UPDATE, October 2009:  We’ve been in our new home now for nearly four months.  We decided at the beginning of the year that we were serious about trying to live as self-sufficiently as possible, and started searching for a home with a larger yard.  By moving out of the city to a small town, we were able to buy a house with a 3/4 acre yard for the same price that we sold our suburban home.  We spent the summer settling into our new place, planting an orchard and berry patch, digging garden beds, and dreaming big dreams for our small-town farm.

UPDATE, February 2012:  We’re a family of four now, and have been since last spring.  Our baby is ten months old and keeps us entertained and busy!  We’re still very focused on our goal of paying off our house as soon as possible and saving as much as we can for the future.  We’ve been in our house almost three years and have paid off almost six years on our 15-year mortgage… so far, so good.  We’re still learning a lot about gardening, but we’ve had two successful years of gardening so far, and we’re excited for this summer when a lot of our fruit trees and berry bushes should start to produce more fruit.

Aside from reading everything I can find about personal finance and acting as our family CFO, I love to mountain bike, run, hike, snowboard, snowshoe (pretty much anything active and outdoors will do), and hang out with my three guys.

UPDATE, August 2014:  I’ve had a second job now for a year, and I love it.  I write content for a large website, and it’s a dream job in every way.  Our older son is in first grade now, and our little one is three.  They keep us busy and entertained, and we love watching the little men that they are growing to be.  My husband and I are working hard towards our goal of financial independence by our mid to late 40s, so we’re saving a good chunk of our income and continuing to live frugally and avoid lifestyle inflation.  Keep your eye on the prize!

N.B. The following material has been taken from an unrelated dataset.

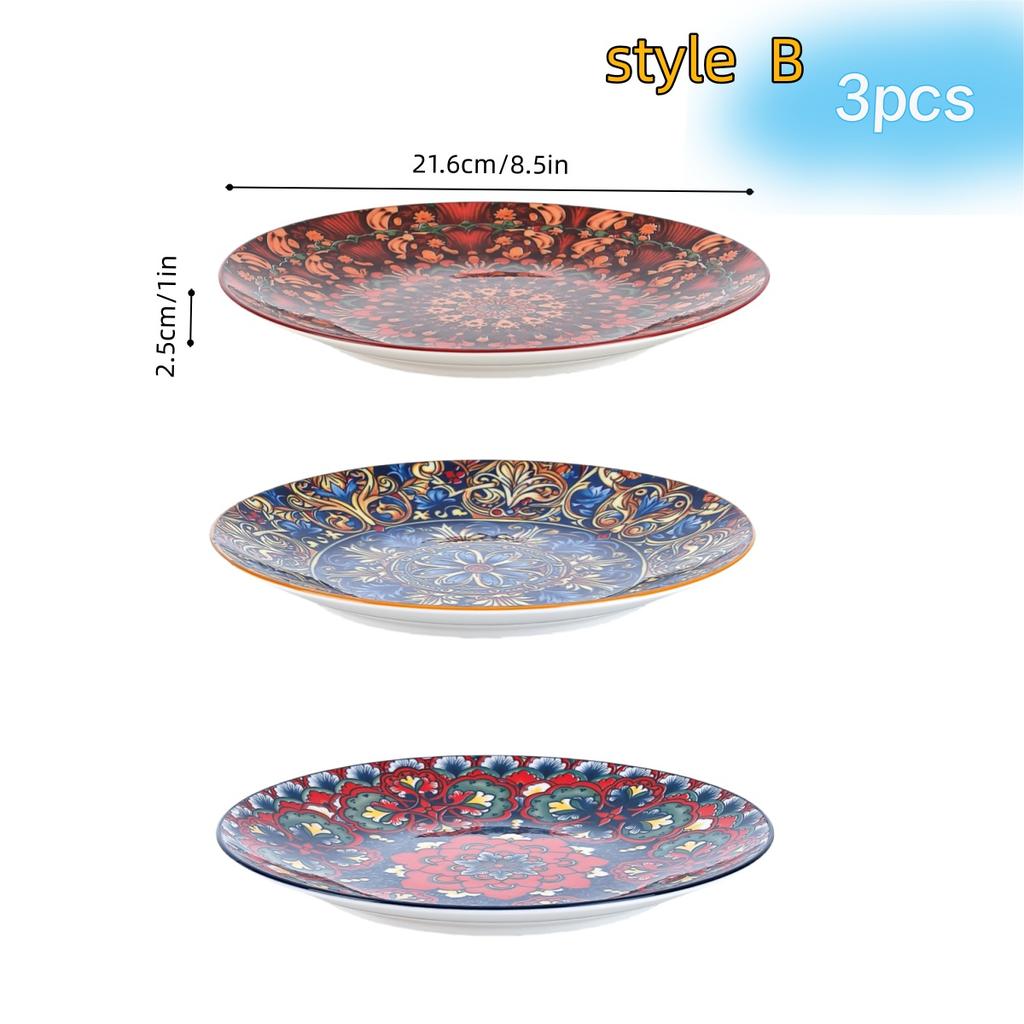 Bohemia Ceramic Large Plate Set Household Steak Plate Western Plate Creative Breakfast Plate Dish Plate Restaurant Flat Plate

You can email me at frugalbabe5 at gmail

Thanks for reading, and happy savings!

Note about commissions and advertising:  My blog generates a small amount of revenue from both text link advertising (non commission, just a set fee from the advertisers each month) and affiliate advertising (in the form of e-books that can be found on my sidebar and occasionally in relevant blog posts).  If you purchase an e-book that you found via my site, please assume that I will receive a commission on the sale.

I do not publish sponsored posts.  That means that I don’t accept guest posts from advertisers who write an article and include their links in it.  I also do not do product reviews.  I will occasionally review a book or e-book that gets sent to me – if I do, there will be a disclosure on the post indicating that the book was given to me.  But you won’t find paid product reviews on my site.  Although I sometimes go several days between posts, I work hard to make sure that my content is my own.

There are occasionally affiliate links on my blog, but they are relatively rare.  When a blogger I like publishes an e-book, I usually sign up to be an affiliate and write a post linking to the book.  But I’ll never recommend e-books unless I really like them myself.

Most of the income I earn from this site comes from text link ads and graphic banner ads that are displayed on my sidebar, or at the bottom of posts I write (separated from the body of the post).  The income I earn from this site is not huge, but it has helped me to be a stay at home mom, and I’m grateful to my readers for supporting my site all these years.  Thank you!

Disclaimer:  I often write about how our family manages money and lives frugally.  As with anything you read online, please don’t take this as direct advice for your specific situation.  I’m not a financial planner or certified anything.  I’m a wife and mom working to make my family’s financial future as secure as possible.  I welcome discussion on the blog and love to see your ideas in the comments section.  But please make your own decisions about what to do for your own finances – don’t do something just because I (or anyone else you know) did it.